Freelancing has its perks—the freedom to work from home, choose your own hours and not brush your hair for days.
But of course with running any small business, the good comes with the not-so-good. Besides not having the security of a traditional job, one of the downsides of freelancing is the risk that your client won’t pay on time and is seemingly unreachable.
In the dating world, when someone stops calling and seems to have fallen off the radar completely, it’s referred to as “ghosting.” As you can imagine, getting ditched by last night’s dinner date is disappointing, but it isn’t nearly as traumatic as being ghosted by a client you’ve sent a number of unanswered invoices to.
Whether it’s dating or freelancing, it’s easy to expect the worst. For one, you can’t help but think you’re down hundreds of dollars simply because you haven’t received a reply from your client—especially if you’ve been burned in the past. However, it’s important that you don’t conclude your client is trying to ghost you if you aren’t entirely sure. Accusing a client of racking up a large bill and ghosting you can potentially destroy the relationship and cause you to lose the job completely.
Keep in mind there are perfectly legitimate reasons that someone may not respond right away—perhaps they’re on a lengthy vacation or attending to personal matters. If your client hasn’t established a habit of disappearing, they may deserve the benefit of the doubt at least once, so give them a reasonable amount of time to respond before you start the chase.
Prior to invoicing your client, have an agreement already established outlining when and how you should be paid for your work. It’s best to make it as easy as possible for the client. If they can simply pay you by clicking a button or replying to an email message, there’s a better chance you’ll get paid faster. If you aren’t getting paid or you haven’t received a reply to your invoice, resend the invoice as a reminder.
The invoice reminds them of the outstanding balance and, because it’s automated, it doesn’t appear like you’re personally strong-arming the client. If you sent invoice reminders and they still haven’t paid, follow up with a polite and professional email.
Again, like dating, you fear that maybe your client isn’t receiving your emails or your outbox has seized to send important follow-ups.

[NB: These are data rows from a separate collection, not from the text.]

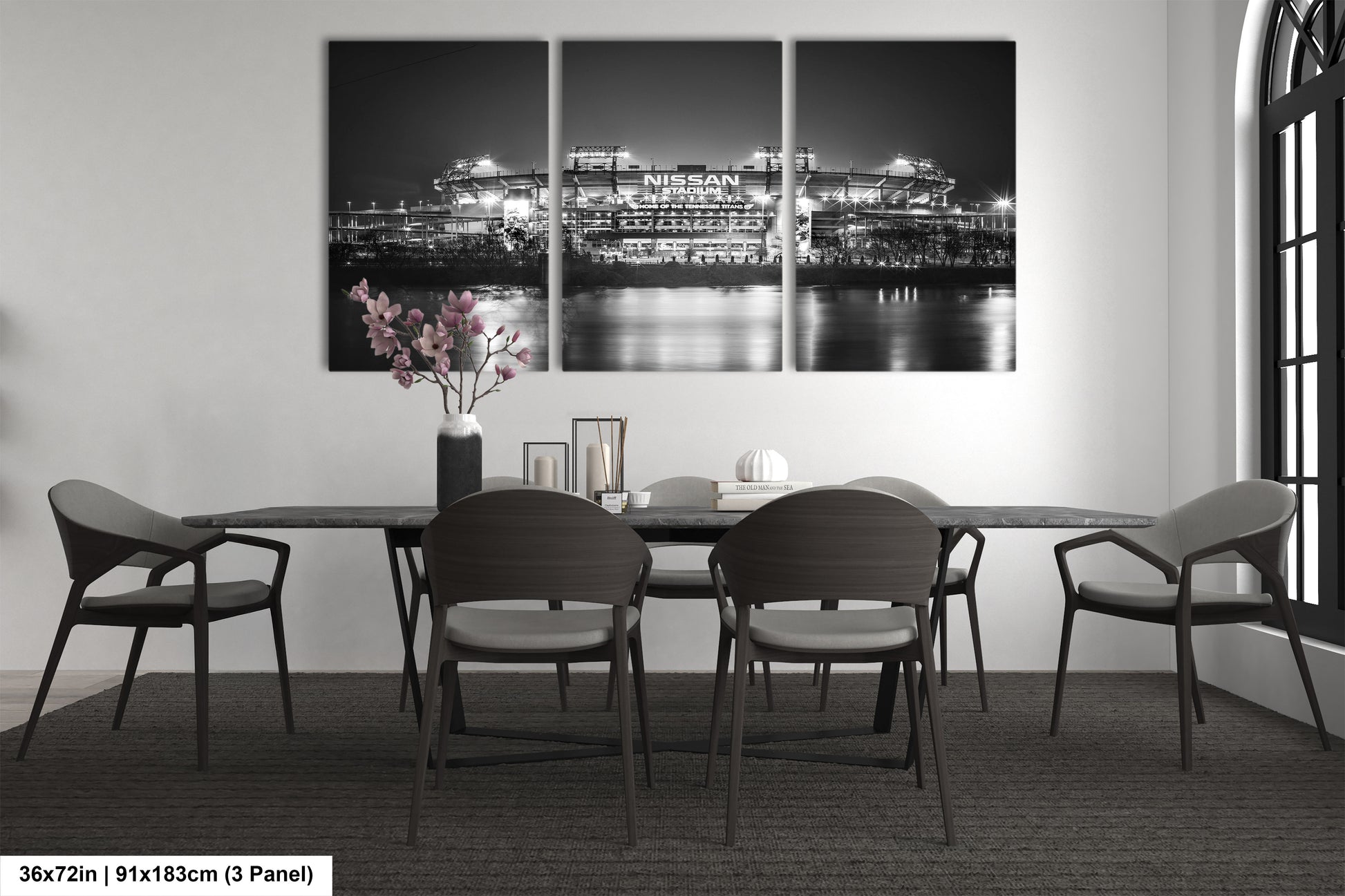 a black and white photo of a dining room table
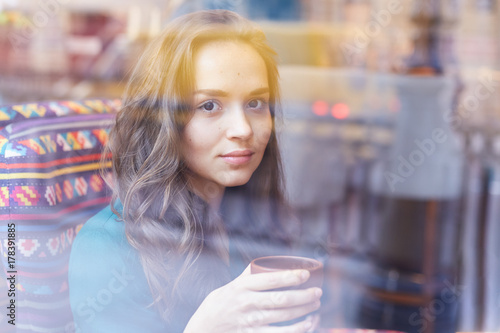 Attractive stunning young lady sitting alone at cafe table, captured through the window. Beautiful Caucasian woman relaxing on couch at modern restaurant, drinking tea, looking at camera with smile.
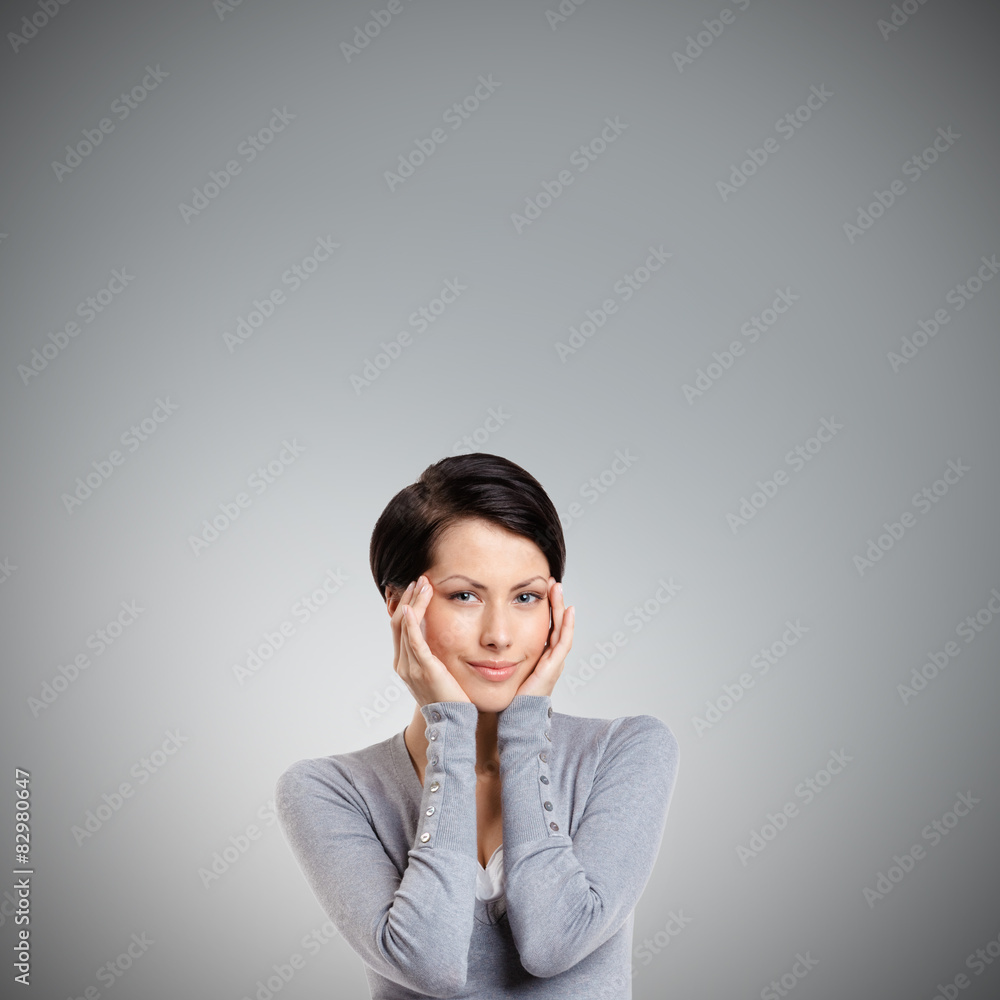 Smart woman admires her own beauty, isolated on grey Smart woman admires her own beauty, isolated on grey
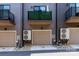 Townhome exterior featuring individual garages and private balconies at 628 Uwharrie River Rd, Charlotte, NC 28211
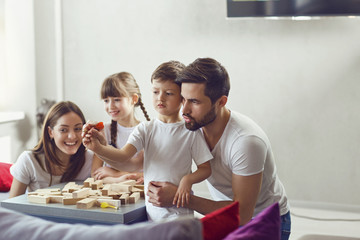 Happy family playing board games at home. Mother, father and children play together.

If you re-sent invoices, reminders and emails, you may have to resort to another form of communication to give yourself some form of peace of mind.
Most companies can be found on Facebook, Twitter, LinkedIn or in some online capacity. Contact them through these venues with a simple, polite message to get in touch with you. While being ghosted is never a pleasant experience, it’s important to maintain professionalism—especially since you’re representing your business as well.
If your clients are still MIA at this point, you should have an attorney draft a letter. Sometimes the idea of legal action can get the client to contact you and, at the very least, make an arrangement to pay what they owe. You can pay an affordable fee for an attorney letter, or you can inquire through freelance forums. If you’re really in a bind, you may also want to check with legal aid attorneys.
As a last resort, consider small claims court. However, these options cost money, so it’s important to weigh how much the client owes you against the expenses of following up. If the numbers just don’t make sense, it might be best to cut your losses and move forward.
If your client finally contacts you and pays what they owe, you can consider the case closed and lesson learned. From there, decide the terms that must be in place for the future. Under no circumstances, however, should you continue to provide the client with any services until outstanding invoices are paid.
Whether your relationship ends or continues with the client, it’s a good idea to set some new rules going forward.
Protect yourself to ensure you get paid at the end. Read through a potential client’s contract details—it can go a long way when it’s time to get paid. Here, you can address any concerns: payment dates and work expectations, and make any changes before you start. It’s also a good idea to have a contract template of your own to send to the client if not provided for you.
Like dating, there are obvious signs that a person can’t be trusted on counted on. In the excitement that comes with landing a gig, especially a lucrative one, it’s easy to ignore the signs. In both relationships and careers, if something seems too good to be true, it might be. Until you know for sure, it’s usually best to proceed with caution, if at all.